Digoxin in the Management of Cardiovascular Disorders

Mihai Gheorghiade, MD; Kirkwood F. Adams, Jr, MD; Wilson S. Colucci, MD

From the Division of Cardiology, Northwestern University Feinberg School of Medicine, Chicago, Ill (M.G.); the Division of Cardiology, University of North Carolina, Chapel Hill, NC (K.F.A.); and the Division of Cardiology, Boston University, Boston, Mass (W.S.C.).

Correspondence to Mihai Gheorghiade, MD, Northwestern University Feinberg School of Medicine, Galter 10-240, 201 East Huron St, Chicago, IL 60611-2908. E-mail m-gheorghiade{at}northwestern.edu

"After all, in spite of opinion, prejudice or error, time will fix the real value upon this discovery."

— Sir William Withering, Birmingham, July 1, 1785

Case 1: A 45-year-old man in sinus rhythm, with an ejection fraction of 20%, normal coronaries, and normal renal function is receiving captopril 50 mg 3 times daily, carvedilol 25 mg and furosemide 40 mg twice daily, and spironolactone 25 mg daily. Despite these therapies, he continues to complain of dyspnea with minimal exertion. There are jugular venous distention, rales, and ankle edema. Oral digoxin, 0.125 mg daily, is added. After 3 weeks of maintenance therapy with digoxin, the patient feels better.
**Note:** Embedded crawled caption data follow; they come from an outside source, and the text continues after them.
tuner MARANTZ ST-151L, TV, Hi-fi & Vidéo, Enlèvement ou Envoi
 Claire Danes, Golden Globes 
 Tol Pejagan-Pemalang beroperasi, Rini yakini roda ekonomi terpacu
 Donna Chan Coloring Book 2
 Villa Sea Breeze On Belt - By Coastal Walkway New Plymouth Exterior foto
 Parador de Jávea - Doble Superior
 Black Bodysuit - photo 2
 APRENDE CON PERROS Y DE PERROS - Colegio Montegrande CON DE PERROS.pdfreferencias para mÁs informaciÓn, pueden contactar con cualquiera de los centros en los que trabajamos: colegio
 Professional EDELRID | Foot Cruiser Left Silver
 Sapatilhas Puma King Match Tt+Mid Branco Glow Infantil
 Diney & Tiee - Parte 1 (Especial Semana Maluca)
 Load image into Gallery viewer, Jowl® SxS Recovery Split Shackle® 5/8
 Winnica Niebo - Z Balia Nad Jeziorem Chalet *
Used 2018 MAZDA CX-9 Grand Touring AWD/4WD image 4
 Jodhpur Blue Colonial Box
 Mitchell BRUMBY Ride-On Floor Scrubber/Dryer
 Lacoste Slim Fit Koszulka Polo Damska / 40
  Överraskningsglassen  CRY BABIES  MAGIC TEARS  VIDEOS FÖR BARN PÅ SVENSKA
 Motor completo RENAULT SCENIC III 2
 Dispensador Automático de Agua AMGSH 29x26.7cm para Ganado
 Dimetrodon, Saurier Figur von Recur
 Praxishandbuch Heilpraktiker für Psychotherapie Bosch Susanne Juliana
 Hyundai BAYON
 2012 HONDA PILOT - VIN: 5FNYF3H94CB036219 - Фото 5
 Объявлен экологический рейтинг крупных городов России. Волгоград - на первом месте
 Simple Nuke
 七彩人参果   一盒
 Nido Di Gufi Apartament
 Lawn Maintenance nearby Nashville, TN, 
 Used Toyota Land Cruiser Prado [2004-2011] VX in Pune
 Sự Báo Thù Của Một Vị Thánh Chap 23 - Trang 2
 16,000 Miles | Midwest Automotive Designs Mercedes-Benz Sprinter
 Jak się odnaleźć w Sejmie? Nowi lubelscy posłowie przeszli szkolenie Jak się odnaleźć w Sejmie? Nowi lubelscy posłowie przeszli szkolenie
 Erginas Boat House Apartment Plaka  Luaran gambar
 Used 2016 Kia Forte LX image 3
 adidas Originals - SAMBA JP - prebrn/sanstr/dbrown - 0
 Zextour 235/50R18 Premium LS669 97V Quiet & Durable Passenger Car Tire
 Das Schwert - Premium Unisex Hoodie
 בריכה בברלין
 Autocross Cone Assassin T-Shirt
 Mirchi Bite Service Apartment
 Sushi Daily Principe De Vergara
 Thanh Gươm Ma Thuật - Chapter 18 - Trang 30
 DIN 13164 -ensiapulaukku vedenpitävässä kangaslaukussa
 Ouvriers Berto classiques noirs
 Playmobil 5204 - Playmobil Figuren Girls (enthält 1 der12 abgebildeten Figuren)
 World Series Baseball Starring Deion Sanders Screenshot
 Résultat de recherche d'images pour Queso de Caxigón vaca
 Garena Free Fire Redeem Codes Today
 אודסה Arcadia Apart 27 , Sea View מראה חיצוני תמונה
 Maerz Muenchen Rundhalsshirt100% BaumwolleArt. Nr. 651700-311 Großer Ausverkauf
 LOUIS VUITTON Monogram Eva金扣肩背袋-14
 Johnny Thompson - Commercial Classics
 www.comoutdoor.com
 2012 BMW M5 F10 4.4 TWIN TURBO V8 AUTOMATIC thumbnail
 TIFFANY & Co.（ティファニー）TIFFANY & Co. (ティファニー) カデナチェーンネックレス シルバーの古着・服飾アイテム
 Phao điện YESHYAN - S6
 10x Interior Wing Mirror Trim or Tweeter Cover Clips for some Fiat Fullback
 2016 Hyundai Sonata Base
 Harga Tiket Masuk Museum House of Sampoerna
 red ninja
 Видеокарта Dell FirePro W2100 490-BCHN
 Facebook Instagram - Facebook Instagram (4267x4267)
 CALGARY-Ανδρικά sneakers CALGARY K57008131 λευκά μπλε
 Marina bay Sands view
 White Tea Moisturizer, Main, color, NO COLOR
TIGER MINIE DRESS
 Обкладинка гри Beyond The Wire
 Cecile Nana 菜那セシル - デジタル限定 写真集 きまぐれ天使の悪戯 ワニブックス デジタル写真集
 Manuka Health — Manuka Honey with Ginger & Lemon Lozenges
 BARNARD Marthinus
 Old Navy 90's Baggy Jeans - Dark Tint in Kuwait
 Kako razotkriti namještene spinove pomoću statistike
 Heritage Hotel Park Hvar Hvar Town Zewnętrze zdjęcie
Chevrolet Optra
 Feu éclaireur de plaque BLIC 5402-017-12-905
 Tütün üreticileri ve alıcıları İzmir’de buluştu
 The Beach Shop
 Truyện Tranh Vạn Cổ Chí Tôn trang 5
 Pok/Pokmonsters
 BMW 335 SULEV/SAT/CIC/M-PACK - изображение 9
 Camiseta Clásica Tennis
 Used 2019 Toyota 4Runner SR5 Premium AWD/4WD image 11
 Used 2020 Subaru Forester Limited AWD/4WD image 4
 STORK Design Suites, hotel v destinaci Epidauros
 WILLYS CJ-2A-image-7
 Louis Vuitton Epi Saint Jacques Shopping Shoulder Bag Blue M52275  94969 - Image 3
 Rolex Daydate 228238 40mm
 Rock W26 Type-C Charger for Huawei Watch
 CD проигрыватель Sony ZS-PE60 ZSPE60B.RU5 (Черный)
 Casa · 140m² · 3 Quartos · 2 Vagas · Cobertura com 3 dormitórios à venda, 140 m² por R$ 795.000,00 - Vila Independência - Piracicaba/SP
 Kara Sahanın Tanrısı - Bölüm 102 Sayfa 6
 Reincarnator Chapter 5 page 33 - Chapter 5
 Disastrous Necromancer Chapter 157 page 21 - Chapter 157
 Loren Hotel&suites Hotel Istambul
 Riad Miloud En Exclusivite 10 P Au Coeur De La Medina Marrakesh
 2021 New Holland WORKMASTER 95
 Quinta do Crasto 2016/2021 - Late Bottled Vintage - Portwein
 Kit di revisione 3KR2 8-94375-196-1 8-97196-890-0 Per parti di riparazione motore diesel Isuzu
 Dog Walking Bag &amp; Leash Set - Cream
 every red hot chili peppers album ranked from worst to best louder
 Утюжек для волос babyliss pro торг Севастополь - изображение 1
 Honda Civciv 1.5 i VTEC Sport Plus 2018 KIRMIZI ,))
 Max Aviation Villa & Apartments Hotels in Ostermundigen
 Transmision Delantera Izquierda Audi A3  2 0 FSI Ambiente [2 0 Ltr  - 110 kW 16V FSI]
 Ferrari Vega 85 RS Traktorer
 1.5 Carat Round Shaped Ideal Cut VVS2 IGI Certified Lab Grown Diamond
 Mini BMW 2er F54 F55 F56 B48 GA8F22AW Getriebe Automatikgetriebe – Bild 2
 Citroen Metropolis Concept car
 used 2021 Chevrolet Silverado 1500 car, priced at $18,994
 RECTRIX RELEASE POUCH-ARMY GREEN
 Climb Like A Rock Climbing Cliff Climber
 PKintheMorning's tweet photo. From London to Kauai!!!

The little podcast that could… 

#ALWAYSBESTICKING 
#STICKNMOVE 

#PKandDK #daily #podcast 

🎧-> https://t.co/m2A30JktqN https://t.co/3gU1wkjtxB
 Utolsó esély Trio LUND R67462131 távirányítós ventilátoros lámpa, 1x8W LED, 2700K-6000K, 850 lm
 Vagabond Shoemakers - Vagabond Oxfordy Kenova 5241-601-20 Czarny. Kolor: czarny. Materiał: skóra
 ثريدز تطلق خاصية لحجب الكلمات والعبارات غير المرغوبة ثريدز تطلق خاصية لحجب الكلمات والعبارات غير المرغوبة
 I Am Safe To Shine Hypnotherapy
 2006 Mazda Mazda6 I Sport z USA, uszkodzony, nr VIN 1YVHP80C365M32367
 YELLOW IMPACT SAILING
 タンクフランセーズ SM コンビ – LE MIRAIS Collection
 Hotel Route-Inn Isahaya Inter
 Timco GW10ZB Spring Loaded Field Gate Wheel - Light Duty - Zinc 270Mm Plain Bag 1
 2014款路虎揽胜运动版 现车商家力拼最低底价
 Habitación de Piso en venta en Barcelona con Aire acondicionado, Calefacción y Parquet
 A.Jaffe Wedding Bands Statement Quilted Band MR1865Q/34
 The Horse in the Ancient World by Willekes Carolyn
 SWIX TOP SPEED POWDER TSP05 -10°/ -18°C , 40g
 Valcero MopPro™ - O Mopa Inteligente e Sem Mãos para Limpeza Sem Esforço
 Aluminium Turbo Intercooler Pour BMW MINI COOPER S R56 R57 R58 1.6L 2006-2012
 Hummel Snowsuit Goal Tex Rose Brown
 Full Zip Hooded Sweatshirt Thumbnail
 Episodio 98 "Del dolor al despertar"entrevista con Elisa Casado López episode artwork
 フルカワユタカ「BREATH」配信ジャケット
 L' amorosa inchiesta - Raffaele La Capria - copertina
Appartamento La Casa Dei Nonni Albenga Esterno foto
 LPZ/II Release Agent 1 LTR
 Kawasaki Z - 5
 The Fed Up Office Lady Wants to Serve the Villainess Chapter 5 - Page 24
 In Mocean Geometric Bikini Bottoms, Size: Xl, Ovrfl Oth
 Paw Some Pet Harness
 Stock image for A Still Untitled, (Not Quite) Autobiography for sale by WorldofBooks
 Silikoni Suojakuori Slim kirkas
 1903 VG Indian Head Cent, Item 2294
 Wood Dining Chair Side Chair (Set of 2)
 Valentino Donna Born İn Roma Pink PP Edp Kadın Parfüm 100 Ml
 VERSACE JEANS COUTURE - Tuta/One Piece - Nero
Case 2: A 70-year asymptomatic woman in sinus rhythm, with coronary artery disease and ejection fraction of 35% is receiving once a day enalapril 10 mg, metoprolol succinate 200 mg, digoxin 0.125 mg, and furosemide 20 mg. There are no signs of heart failure. Six months after digoxin discontinuation she continues to remain asymptomatic.

Historical Perspectives

As far back as the ancient Egyptians, cultures were known to have used medicinal plants containing cardiac glycosides. It was not until 1542 that the German scholar Fuchsius coined the now common term digitalis for the foxglove plant. Since 1785, when Sir William Withering published his textbook¹ on the "account of the foxglove," physicians have used digitalis preparations to treat edematous states, irregular heartbeats, and chronic heart failure (HF). According to Withering, digitalis was believed to slow heart rate in patients with irregular pulse and result in diuresis.

Mechanism of Action

Digoxin’s primary mechanism of action is the ability to inhibit membrane-bound alpha subunits of sodium-potassium ATPase (sodium pump), mainly but not exclusively located in the human myocardium. This inhibition promotes sodium-calcium exchange, which increases the intracellular calcium concentration that is available to the contractile proteins, resulting in an increase in the force of myocardial contraction.^2,3 In the human myocardium, there is no evidence of up-regulation of the sodium pump during chronic digoxin therapy.⁴ The inhibition of the sodium pump may also improve baroreceptor sensitivity in HF and may explain some of the neurohormonal effects of digoxin.⁵ Digoxin also has important parasympathetic effects, particularly on the atrioventricular node.

Hemodynamic Effects

Digitalis administration does not alter cardiac output in normal subjects, although it does cause significant increase in contractility. This lack of effect on cardiac output is likely due to an increase in systemic vascular resistance produced by digitalis that prevents the increase in contractility from translating into increased cardiac output.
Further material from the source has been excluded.